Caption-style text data
•••

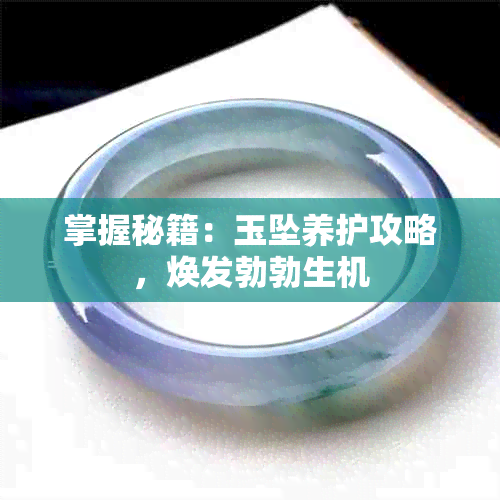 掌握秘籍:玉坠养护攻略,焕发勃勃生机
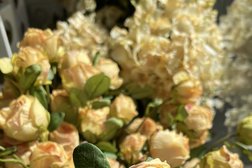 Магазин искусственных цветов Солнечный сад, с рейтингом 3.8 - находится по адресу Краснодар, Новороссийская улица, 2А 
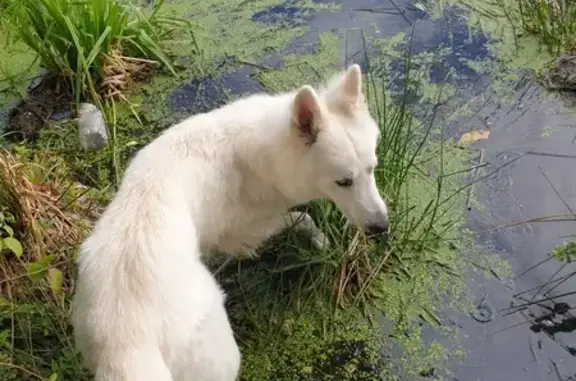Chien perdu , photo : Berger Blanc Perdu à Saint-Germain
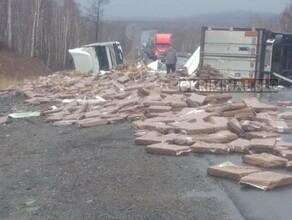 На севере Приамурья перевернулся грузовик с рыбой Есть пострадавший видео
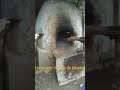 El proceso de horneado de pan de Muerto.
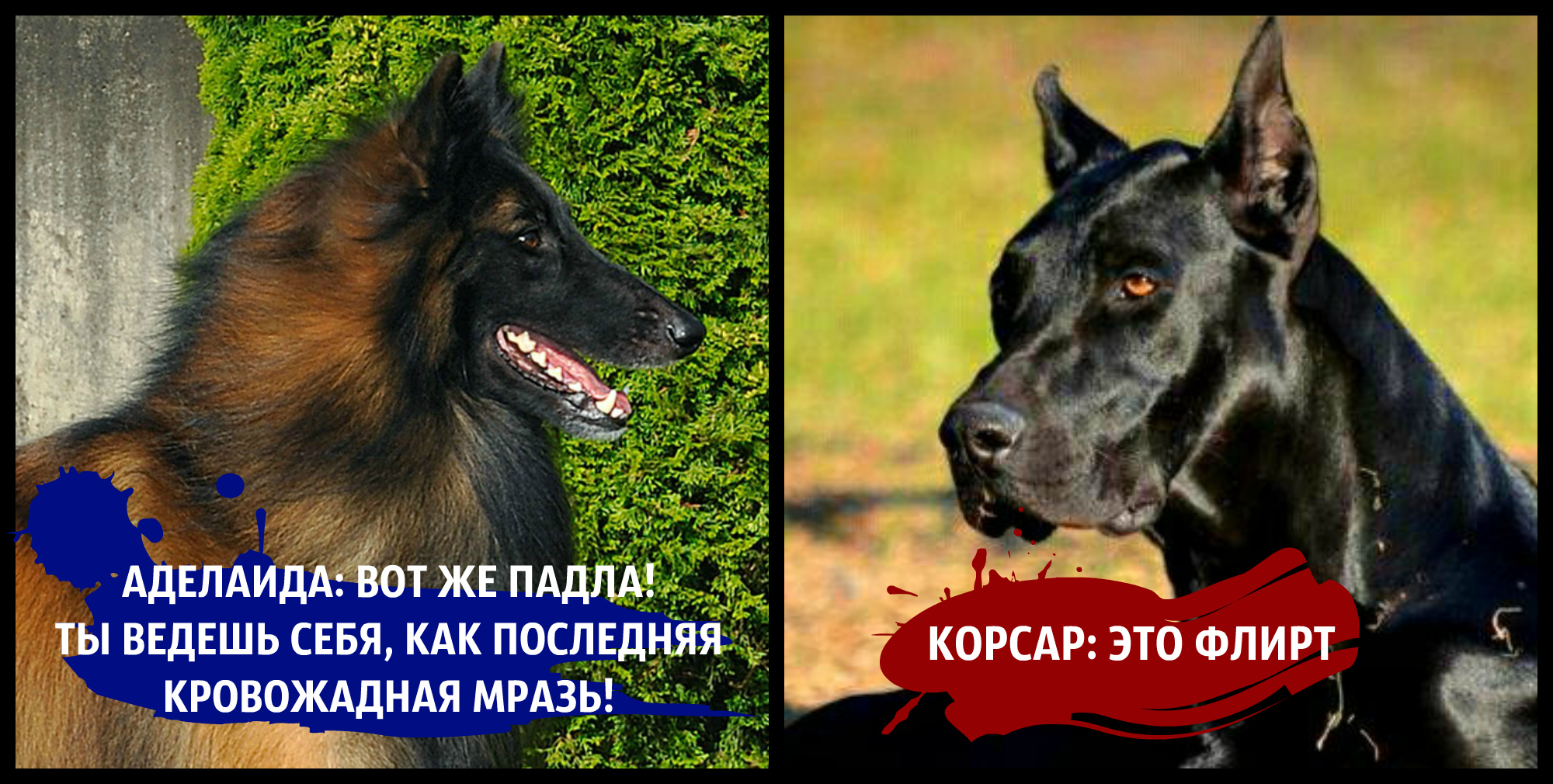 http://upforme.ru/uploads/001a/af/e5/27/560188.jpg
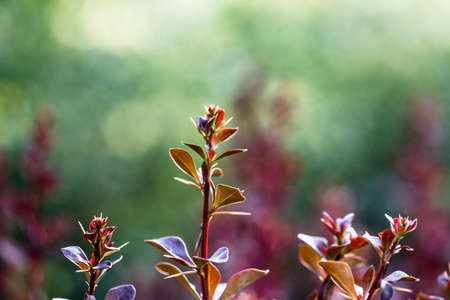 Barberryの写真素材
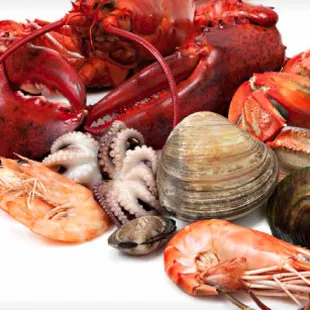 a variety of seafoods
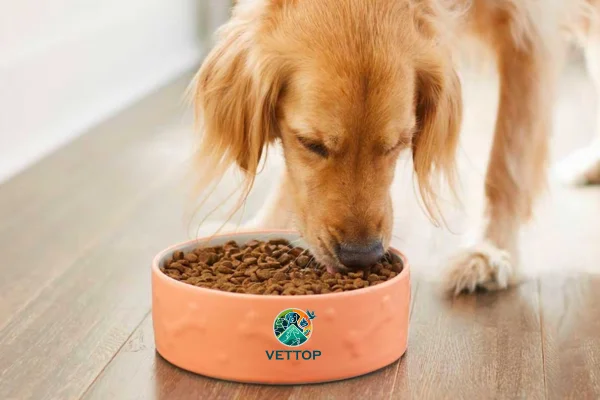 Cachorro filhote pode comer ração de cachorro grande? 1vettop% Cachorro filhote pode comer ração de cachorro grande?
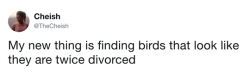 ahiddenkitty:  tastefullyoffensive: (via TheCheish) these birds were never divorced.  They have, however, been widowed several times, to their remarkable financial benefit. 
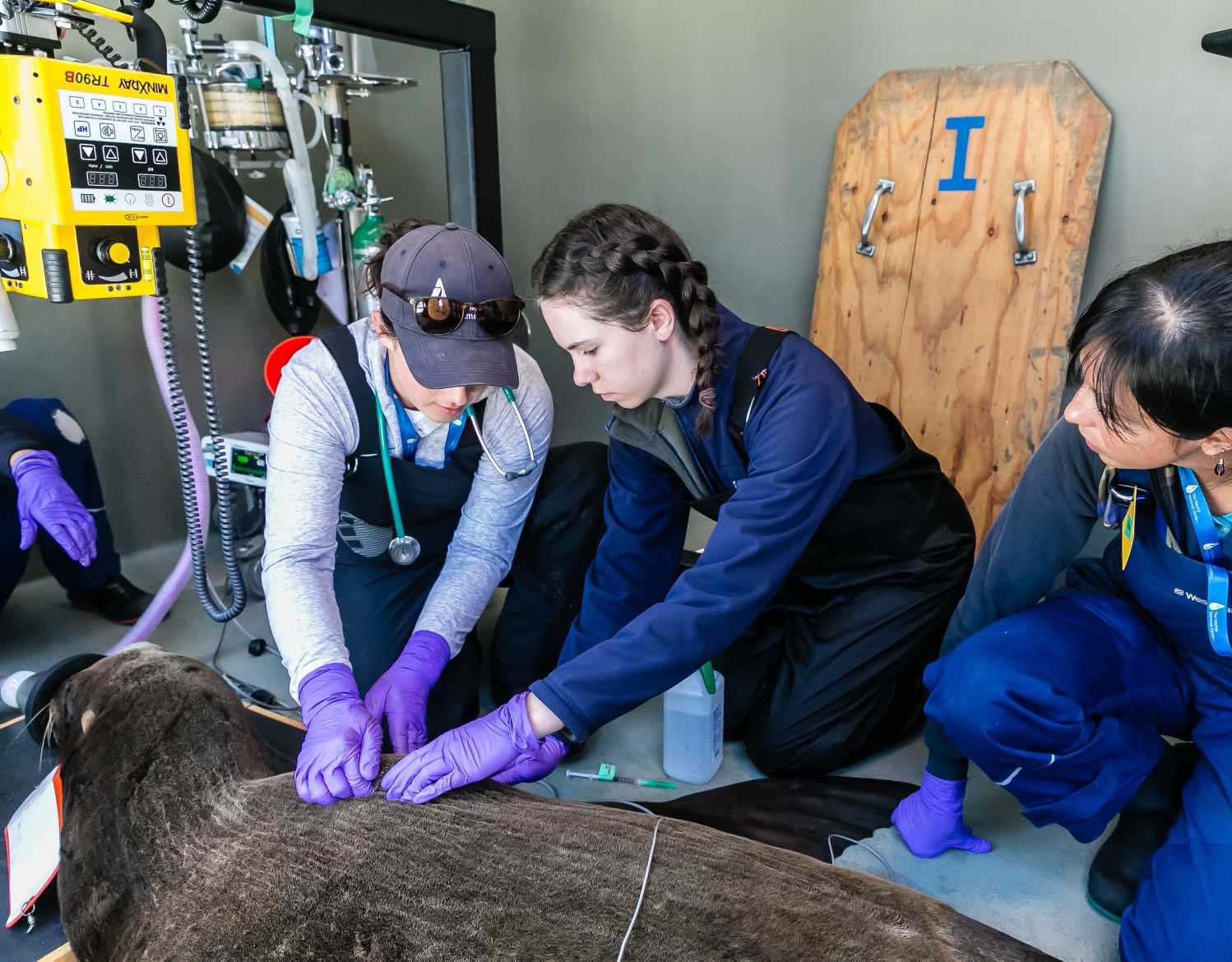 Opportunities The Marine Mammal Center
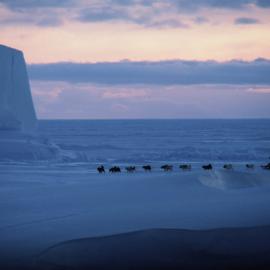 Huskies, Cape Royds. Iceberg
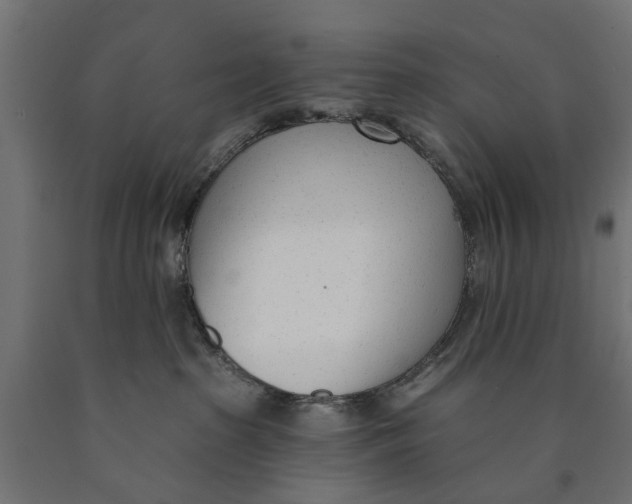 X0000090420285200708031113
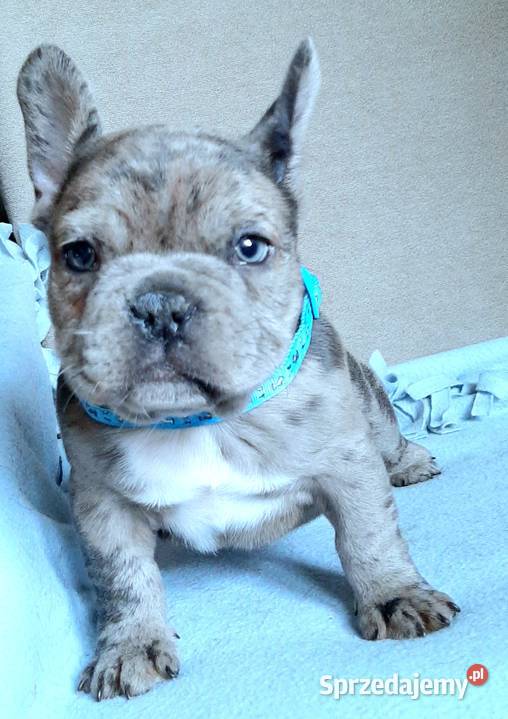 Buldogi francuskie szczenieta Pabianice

•••

Goal of the exercise — Using the records above, output an exact copy without any pictures.

Exercise result —
 掌握秘籍:玉坠养护攻略,焕发勃勃生机
 Магазин искусственных цветов Солнечный сад, с рейтингом 3.8 - находится по адресу Краснодар, Новороссийская улица, 2А 
Chien perdu , photo : Berger Blanc Perdu à Saint-Germain
 На севере Приамурья перевернулся грузовик с рыбой Есть пострадавший видео
 El proceso de horneado de pan de Muerto.
 http://upforme.ru/uploads/001a/af/e5/27/560188.jpg
 Barberryの写真素材
 a variety of seafoods
 Cachorro filhote pode comer ração de cachorro grande? 1vettop% Cachorro filhote pode comer ração de cachorro grande?
 ahiddenkitty:  tastefullyoffensive: (via TheCheish) these birds were never divorced.  They have, however, been widowed several times, to their remarkable financial benefit. 
 Opportunities The Marine Mammal Center
 Huskies, Cape Royds. Iceberg
 X0000090420285200708031113
 Buldogi francuskie szczenieta Pabianice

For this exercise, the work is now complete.